Category Archives: animals

My last post may have illuminated that I have been struggling a bit lately as far as anti-epileptic medications go.  Sleeping for 18 hours a day is not really my thing – there are way too many fun things to do out there in the world.  Including the anatomy homework I am about to attempt.

I forced myself out of bed this morning to do the most mundane and necessary of tasks:   laundry.
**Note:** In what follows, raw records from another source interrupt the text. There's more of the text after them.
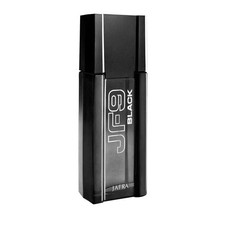 JAFRA JF9 BLACK COLOGNE 3.3 FL OZ NEW AND SEALED picture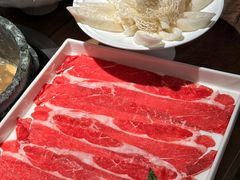 -蘑界·野生菌火锅(深业上城店)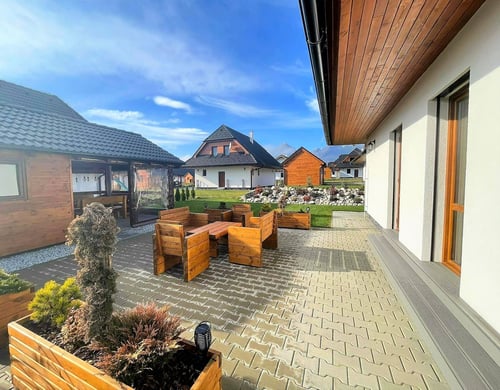 Chata Pohoda - Vysoké Tatry / chata_pohoda_tatras, IMG_8816.JPG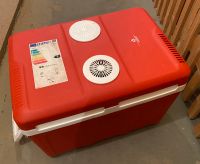 KESSER  Kühlbox 40 Liter mit Rollen 12 und 230 Volt Essen - Huttrop Vorschau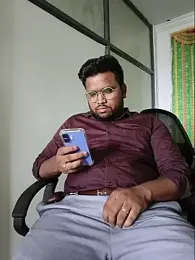 _Ramesh_pj — webcam model online on stripchat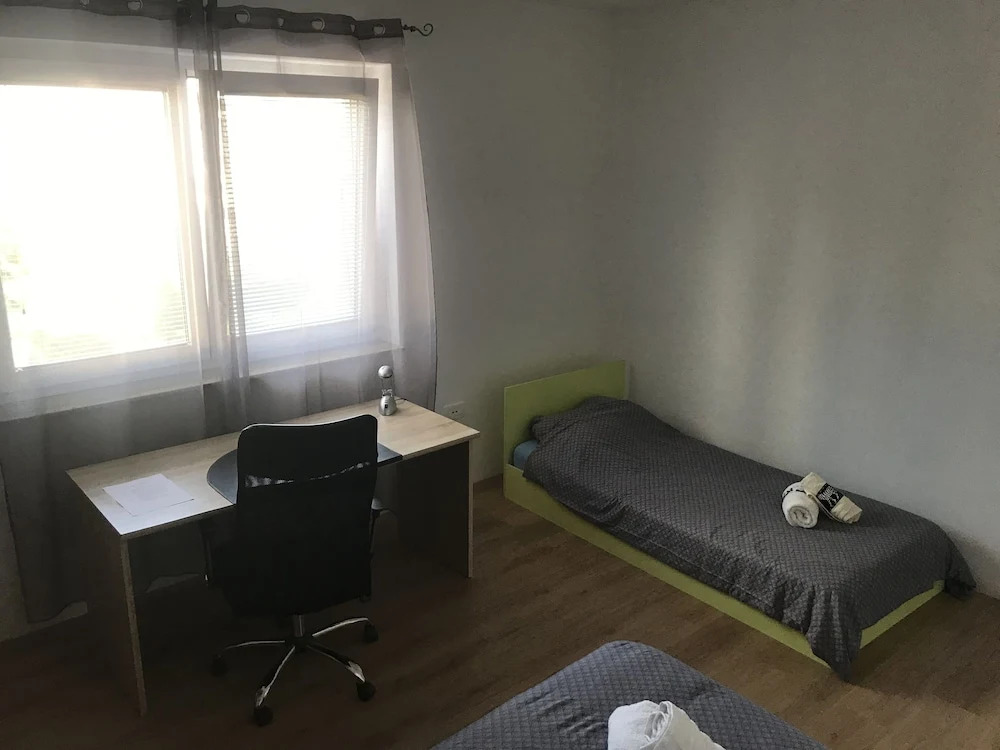 Residence Eu Me Amo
I get a lot of peace from doing laundry – which I think is why I MUST have a washer and dryer in every apartment/condo I live in from now on.  Maybe even two sets:  one for when I go outside to play with my future mud-covered poochies/garden/hike/jump in a gross pond, and another for my amazing collection of underthings.

The thing is, I like simplicity.  It has been incredibly tough to apply the theory to my life the past 4 years with all the pitchy jazz that comes with cancer, the deaths of friends/those afflicted with cancer, medications, and relationships.  It takes a lot of deep breaths, a very strong support group, and a whole lot of the icey cream.

The more I attend my massage classes, the more I learn how many ways one can learn about their body, spirit, and the planet we live on.  The simplicity of having air in my lungs and a pair of hands to lay upon someone else’s body, gives me some of the simplicity I need – most of us are born with these two things.  No diamonds or decadent designs needed.

I suggest we all focus on simplicity, especially in the wake of the tsunami and earthquakes in Japan.  Many lost family, friends, homes, pets, and possessions.  I would much rather cope with the 10+ pills I swallow each day than lose my beloved family, friends, Betty and Maggie, and the roof over my head.

One of my favorite songs featured in the Waycross Camp songbook/sung at my grandmother’s funeral is called “Tis a Gift to be Simple.”  I will leave you with the lyrics:

‘Tis the gift to be simple, ’tis the gift to be free,

‘Tis the gift to come down where we ought to be,

And when we find ourselves in the place just right,

‘Twill be in the valley of love and delight.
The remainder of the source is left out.